» **EXERCISE INSTRUCTIONS**
A verbatim reproduction of the lines below, from the line containing "Product picture DIY. Colour Combinations." through the line containing "4.0（3+2）眼镜铰链合页配件修理金属明铰龟壳7200板材玳瑁镜框-图2", both ends included, is the whole required output.

» **STORED DATA**
..........

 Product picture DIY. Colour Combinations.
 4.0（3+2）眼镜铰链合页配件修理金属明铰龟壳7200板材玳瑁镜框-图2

..........

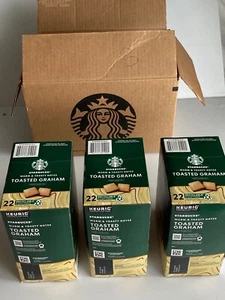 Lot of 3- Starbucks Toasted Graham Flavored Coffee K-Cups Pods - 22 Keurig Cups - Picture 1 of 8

..........

» **REPLY**
 Product picture DIY. Colour Combinations.
 4.0（3+2）眼镜铰链合页配件修理金属明铰龟壳7200板材玳瑁镜框-图2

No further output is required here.